**Exercise directions**
Once you find the line in the listing below that contains "Airtag Hülle Anhänger", copy it and every following line exactly, stopping at the end.
START Material provided
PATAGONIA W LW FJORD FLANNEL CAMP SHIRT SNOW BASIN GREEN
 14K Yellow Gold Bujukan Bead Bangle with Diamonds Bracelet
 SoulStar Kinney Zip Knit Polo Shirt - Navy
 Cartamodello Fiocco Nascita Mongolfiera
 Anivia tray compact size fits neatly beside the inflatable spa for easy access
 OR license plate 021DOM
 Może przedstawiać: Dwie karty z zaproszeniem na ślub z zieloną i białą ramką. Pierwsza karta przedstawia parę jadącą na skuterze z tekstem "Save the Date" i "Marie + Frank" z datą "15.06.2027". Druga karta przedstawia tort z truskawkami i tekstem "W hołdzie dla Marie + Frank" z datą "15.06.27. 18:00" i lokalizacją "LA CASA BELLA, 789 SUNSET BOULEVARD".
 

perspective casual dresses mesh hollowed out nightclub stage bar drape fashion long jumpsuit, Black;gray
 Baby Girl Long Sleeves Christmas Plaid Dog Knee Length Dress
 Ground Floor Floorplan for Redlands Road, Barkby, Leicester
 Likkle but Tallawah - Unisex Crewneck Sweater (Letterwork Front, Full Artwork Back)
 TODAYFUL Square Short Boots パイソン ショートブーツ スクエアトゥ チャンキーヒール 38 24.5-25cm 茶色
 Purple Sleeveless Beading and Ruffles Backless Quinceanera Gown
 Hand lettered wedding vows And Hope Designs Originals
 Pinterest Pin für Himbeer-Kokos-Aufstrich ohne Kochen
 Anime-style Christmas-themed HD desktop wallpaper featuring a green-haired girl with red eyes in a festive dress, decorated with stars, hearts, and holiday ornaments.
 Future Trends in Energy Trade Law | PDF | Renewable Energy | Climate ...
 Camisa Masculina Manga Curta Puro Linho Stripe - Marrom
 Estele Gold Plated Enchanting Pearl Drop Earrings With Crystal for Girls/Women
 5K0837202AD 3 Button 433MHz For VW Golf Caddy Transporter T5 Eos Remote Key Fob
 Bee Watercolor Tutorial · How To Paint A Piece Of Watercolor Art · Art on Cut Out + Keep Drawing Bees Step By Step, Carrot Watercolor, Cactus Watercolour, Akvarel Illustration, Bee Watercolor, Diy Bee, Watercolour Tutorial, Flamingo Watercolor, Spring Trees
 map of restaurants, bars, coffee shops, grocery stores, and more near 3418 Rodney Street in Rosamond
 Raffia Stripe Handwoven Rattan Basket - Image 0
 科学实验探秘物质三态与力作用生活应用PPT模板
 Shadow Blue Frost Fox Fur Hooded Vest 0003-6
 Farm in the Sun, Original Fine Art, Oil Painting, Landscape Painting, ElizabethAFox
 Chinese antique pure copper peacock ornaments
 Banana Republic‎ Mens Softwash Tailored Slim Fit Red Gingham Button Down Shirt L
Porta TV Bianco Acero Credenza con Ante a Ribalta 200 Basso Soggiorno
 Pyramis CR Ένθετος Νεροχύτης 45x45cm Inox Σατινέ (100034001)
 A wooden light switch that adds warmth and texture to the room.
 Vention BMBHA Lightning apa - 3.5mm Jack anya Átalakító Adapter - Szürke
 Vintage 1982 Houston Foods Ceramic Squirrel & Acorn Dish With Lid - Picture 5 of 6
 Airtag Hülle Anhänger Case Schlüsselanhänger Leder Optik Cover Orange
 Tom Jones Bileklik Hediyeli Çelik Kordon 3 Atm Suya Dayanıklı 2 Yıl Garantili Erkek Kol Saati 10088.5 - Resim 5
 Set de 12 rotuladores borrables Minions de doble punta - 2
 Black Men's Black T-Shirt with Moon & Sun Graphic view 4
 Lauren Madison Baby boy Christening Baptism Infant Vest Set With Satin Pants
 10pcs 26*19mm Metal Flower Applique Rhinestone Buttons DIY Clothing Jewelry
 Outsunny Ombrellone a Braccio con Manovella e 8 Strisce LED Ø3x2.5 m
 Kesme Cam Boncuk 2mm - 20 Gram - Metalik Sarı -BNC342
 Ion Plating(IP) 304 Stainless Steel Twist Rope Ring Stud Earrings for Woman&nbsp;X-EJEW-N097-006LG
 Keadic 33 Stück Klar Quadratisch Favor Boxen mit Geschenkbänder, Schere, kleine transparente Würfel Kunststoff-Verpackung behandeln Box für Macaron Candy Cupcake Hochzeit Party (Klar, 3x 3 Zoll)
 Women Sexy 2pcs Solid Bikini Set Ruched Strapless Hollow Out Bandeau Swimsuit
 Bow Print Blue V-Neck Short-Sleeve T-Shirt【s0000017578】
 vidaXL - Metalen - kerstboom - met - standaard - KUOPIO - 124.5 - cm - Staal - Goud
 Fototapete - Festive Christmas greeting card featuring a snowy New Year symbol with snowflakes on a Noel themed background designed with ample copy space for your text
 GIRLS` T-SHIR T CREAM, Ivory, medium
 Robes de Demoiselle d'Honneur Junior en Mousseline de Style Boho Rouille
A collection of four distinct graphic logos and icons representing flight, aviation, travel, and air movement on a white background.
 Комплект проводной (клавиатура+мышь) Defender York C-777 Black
END Material provided
**Task response**
 Airtag Hülle Anhänger Case Schlüsselanhänger Leder Optik Cover Orange
 Tom Jones Bileklik Hediyeli Çelik Kordon 3 Atm Suya Dayanıklı 2 Yıl Garantili Erkek Kol Saati 10088.5 - Resim 5
 Set de 12 rotuladores borrables Minions de doble punta - 2
 Black Men's Black T-Shirt with Moon & Sun Graphic view 4
 Lauren Madison Baby boy Christening Baptism Infant Vest Set With Satin Pants
 10pcs 26*19mm Metal Flower Applique Rhinestone Buttons DIY Clothing Jewelry
 Outsunny Ombrellone a Braccio con Manovella e 8 Strisce LED Ø3x2.5 m
 Kesme Cam Boncuk 2mm - 20 Gram - Metalik Sarı -BNC342
 Ion Plating(IP) 304 Stainless Steel Twist Rope Ring Stud Earrings for Woman&nbsp;X-EJEW-N097-006LG
 Keadic 33 Stück Klar Quadratisch Favor Boxen mit Geschenkbänder, Schere, kleine transparente Würfel Kunststoff-Verpackung behandeln Box für Macaron Candy Cupcake Hochzeit Party (Klar, 3x 3 Zoll)
 Women Sexy 2pcs Solid Bikini Set Ruched Strapless Hollow Out Bandeau Swimsuit
 Bow Print Blue V-Neck Short-Sleeve T-Shirt【s0000017578】
 vidaXL - Metalen - kerstboom - met - standaard - KUOPIO - 124.5 - cm - Staal - Goud
 Fototapete - Festive Christmas greeting card featuring a snowy New Year symbol with snowflakes on a Noel themed background designed with ample copy space for your text
 GIRLS` T-SHIR T CREAM, Ivory, medium
 Robes de Demoiselle d'Honneur Junior en Mousseline de Style Boho Rouille
A collection of four distinct graphic logos and icons representing flight, aviation, travel, and air movement on a white background.
 Комплект проводной (клавиатура+мышь) Defender York C-777 Black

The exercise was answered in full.